Once the total of the weighted sum and the bias crosses a particular threshold, the neuron becomes activated. There are numerous activation functions; two common ones are rectified linear unit (ReLU) and sigmoid.

Overall, the interaction between weights, biases, and activation functions allows neural networks to learn complex patterns and make informed predictions.

24.3. Graphics Processing Units#

The GPU is a highly parallel processor architecture, composed of processing elements and a memory hierarchy. At a high level, NVIDIA® GPUs consist of a number of Streaming Multiprocessors (SMs), on-chip L2 cache, and high-bandwidth DRAM. Arithmetic and other instructions are executed by the SMs; data and code are accessed from DRAM via the L2 cache. ~ GPU Performance Background User’s Guide

Simplified view of the GPU architecture

GPU Execution#

GPUs execute many threads concurrently.
GPUs execute functions using a 2-level hierarchy of threads. A given function’s threads are grouped into equally-sized thread blocks, and a set of thread blocks are launched to execute the function.
GPUs hide dependent instruction latency by switching to the execution of other threads. Thus, the number of threads needed to effectively utilize a GPU is much higher than the number of cores or instruction pipelines.
At runtime, a block of threads is placed on an SM for execution, enabling all threads in a thread block to communicate and synchronize efficiently.

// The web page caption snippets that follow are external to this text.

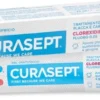 Curasept gel dentifricio trattamento placca e carie 75ml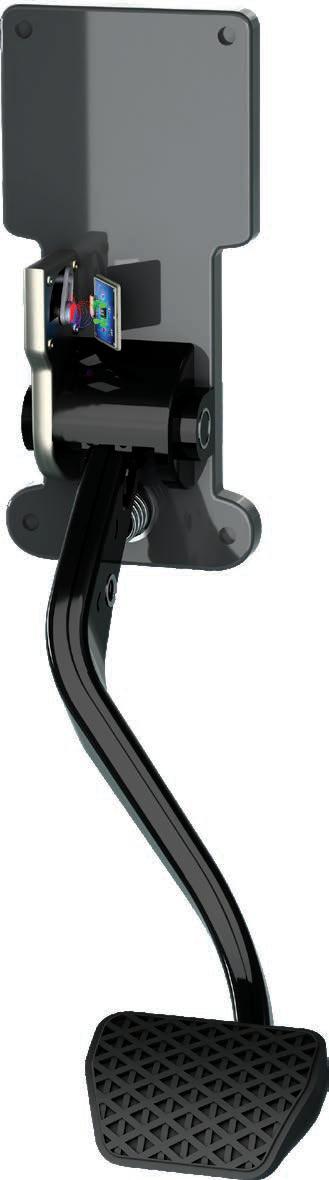 The Future of Sensors in Safety Systems Sensing the Stop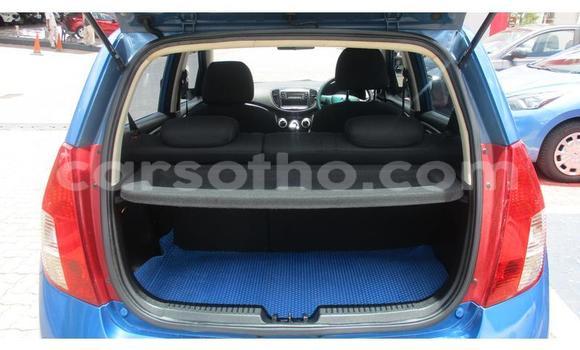 Buy Used Hyundai i20 Blue Car in Maseru in Maseru Buy Used Hyundai i20 Blue Car in Maseru in Maseru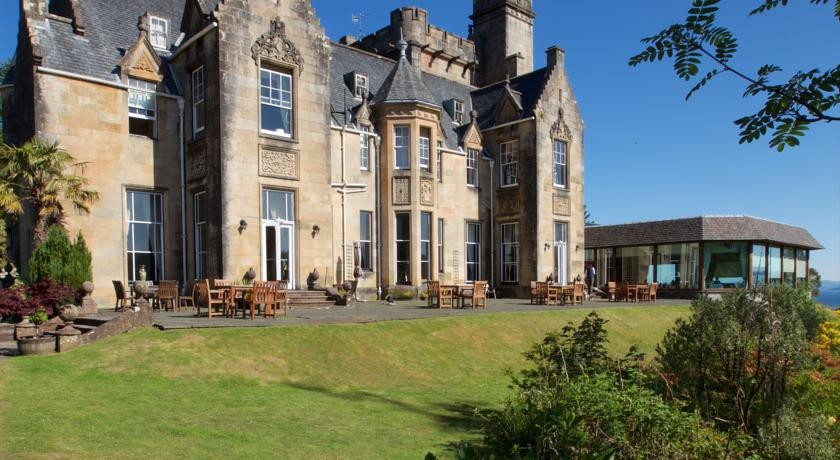 Stonefield Castle Hotel вЂ?A Bespoke HotelвЂ™ 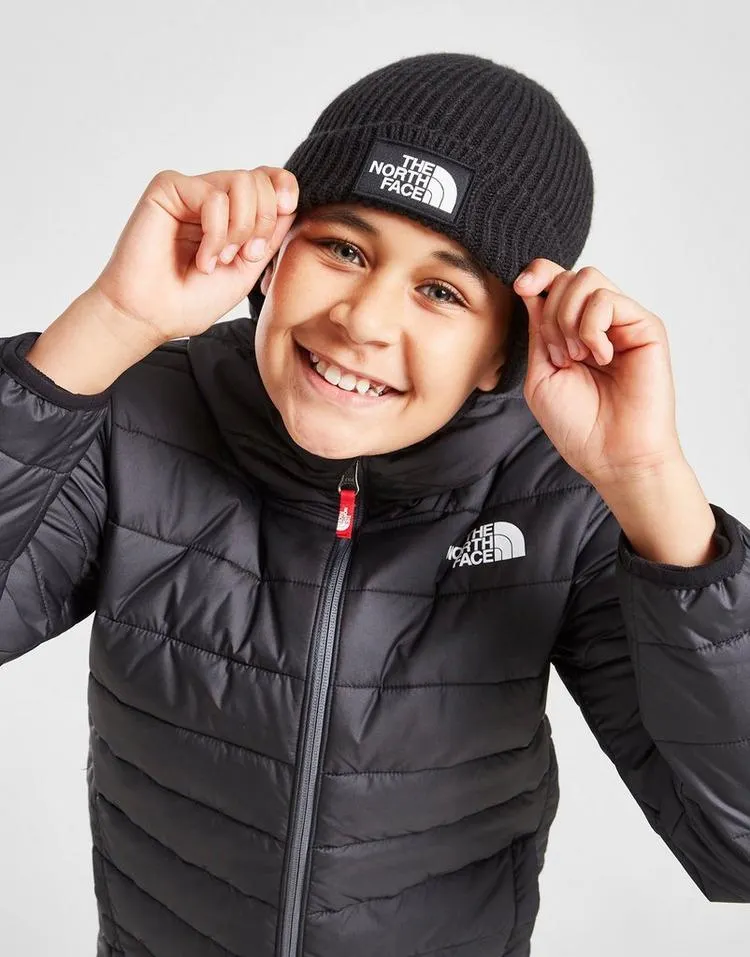 The North Face Logo Muts Junior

Utilization of an 8-SM GPU when 12 thread blocks with an occupancy of 1 block/SM at a time are launched for execution. Here, the thread blocks execute in 2 waves, the first wave utilizes 100% of the GPU, while the 2nd wave utilizes only 50%.

General Matrix Multiplication#

GPUs implement general matrix multiplication (GEMM) by partitioning the output matrix into tiles, which are then assigned to thread blocks.

Each thread block computes its output tile by stepping through the K dimension in tiles, loading the required values from the A and B matrices, and multiplying and accumulating them into the output C matrix. Tiled outer product approach to GEMMs

NVIDIA GPUs#

US based NVIDIA is the world leader in GPU design. They are fabless, meaning they design chips but do not make them themselves. Taiwan Semiconductor Manufacturing Co. (TSMC) makes the bulk of NVIDIA chips.

Two critical NVIDIA technologies are CUDA Cores and Tensor Cores

CUDA Cores#

CUDA is an API that allows software to directly access NVIDIA GPU instruction set. The CUDA Toolkit allows developers to use C++ to interact with the cores, but many libraries - such as TensorFlow and PyTorch - have implemented CUDA under the hood.

See An Even Easier Introduction to CUDA | NVIDIA Technical Blog if you really want to explore using C++ to crate a massively parallel application.

Tensor Cores#

Tensor Cores were introduced in the NVIDIA Volta™ GPU architecture to accelerate matrix multiply-add operations for machine learning and scientific applications.

These instructions operate on small matrix blocks (for example, 4x4 blocks).
These smaller matrix blocks are then aggregated.
Tensor Cores can compute and accumulate products in higher precision than the inputs. For example, during training with FP16 inputs, Tensor Cores can compute products without loss of precision and accumulate in FP32.
When math operations cannot be formulated in terms of matrix blocks - for example, element-wise addition - they are executed in CUDA cores.
Efficiency is best when matrix dimensions are multiples of 16 bytes.

Tenosr Cores continue to be improved with additional supported data types in the Turing Architecture and now Ada Architecture.

PCIe#

Peripheral Component Interconnect Express (PCIe) is the connection GPUs use to connect to your computer.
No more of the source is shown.